Polizist Wilson beteuerte in einem Interview des Fernsehsenders ABC, dass er geschossen habe, weil er um sein Leben gefürchtet habe. Er habe nicht anders reagieren können und er hätte sich nicht anders verhalten, wenn Brown weiß gewesen wäre. Er bestritt, dass der 18-Jährige die Hände erhoben habe, um sich zu ergeben. „Ich weiß, dass ich meinen Job richtig gemacht habe“, sagte Wilson dem ABC-News-Moderator George Stephanopoulos.

Browns Mutter Lesley McSpadden sagte dem Fernsehsender NBC am Mittwoch, sie mache seit der Verkündung der Geschworenenentscheidung eine „schlaflose, harte, herzzerreißende und unglaubliche“ Zeit durch. Dass Wilson in seiner Aussage ihren Sohn als dämonisch beschrieben habe, sei respektlos und „fügt der Wunde eine Beleidigung hinzu“, sagte sie.

In der öffentlichen Diskussion war immer wieder betont worden, dass Brown unbewaffnet gewesen sei. Staatsanwalt Bob McCulloch hatte dies bei der Verkündung der Jury-Entscheidung mit keinem Wort erwähnt.

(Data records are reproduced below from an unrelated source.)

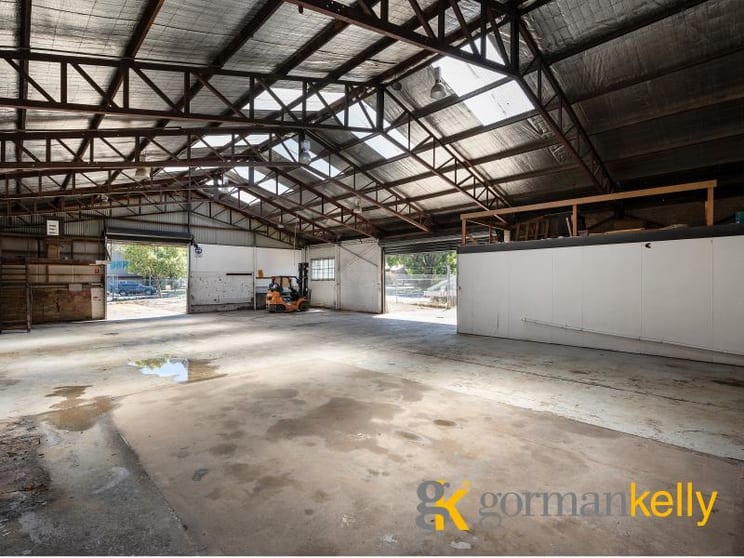 Click to view all images 3 Sturt Street Croydon VIC 3136 - Image 2
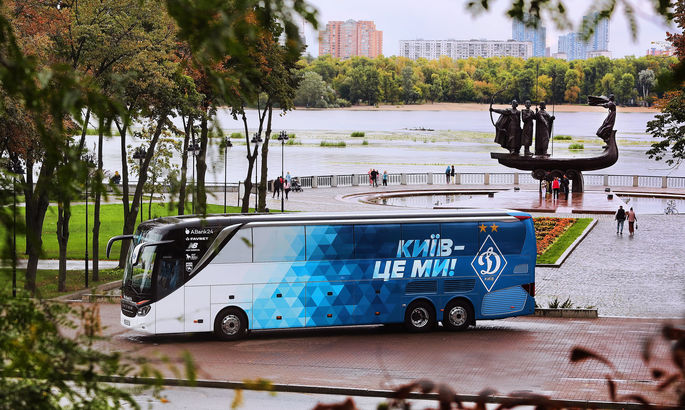 Динамо устроило атмосферную киевскую фотосессию для клубного автобуса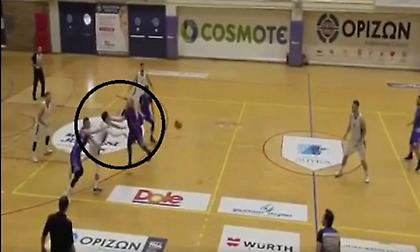 Βίντεο-σοκ: Παίκτης του Δούκα κινδυνεύει να χάσει την όρασή του έπειτα από εν ψυχρώ γροθιά αντιπάλου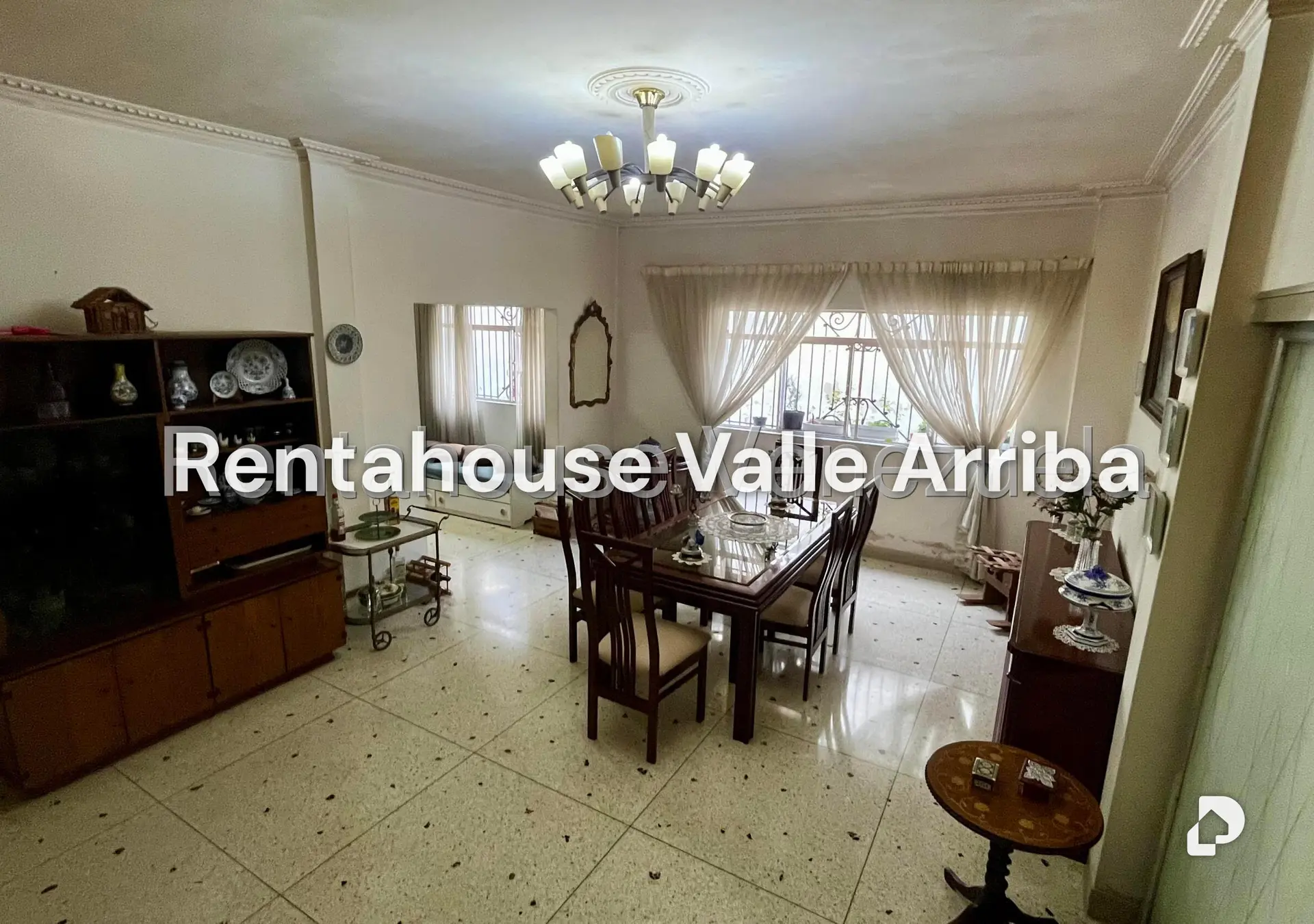 Casa en Alta Florida, Caracas – 14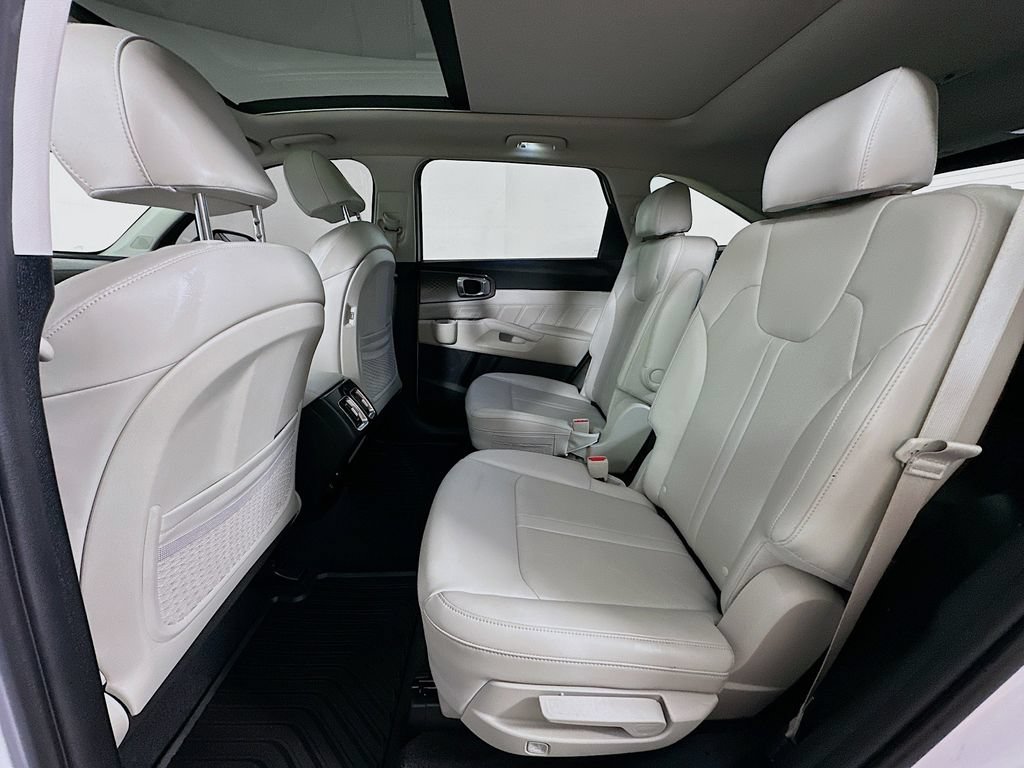 Used 2023 Kia Sorento SX FWD image 17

In der Tat ist das nach den in Missouri geltenden Vorschriften unerheblich. Nach dem Recht dieses US-Staats kann ein Polizist tödliche Gewalt anwenden, wenn er davon überzeugt ist, eine Person verhaften zu müssen, die eine Gefahr für das Leben anderer darstellen könnte. Genau das nimmt Wilson für sich in Anspruch.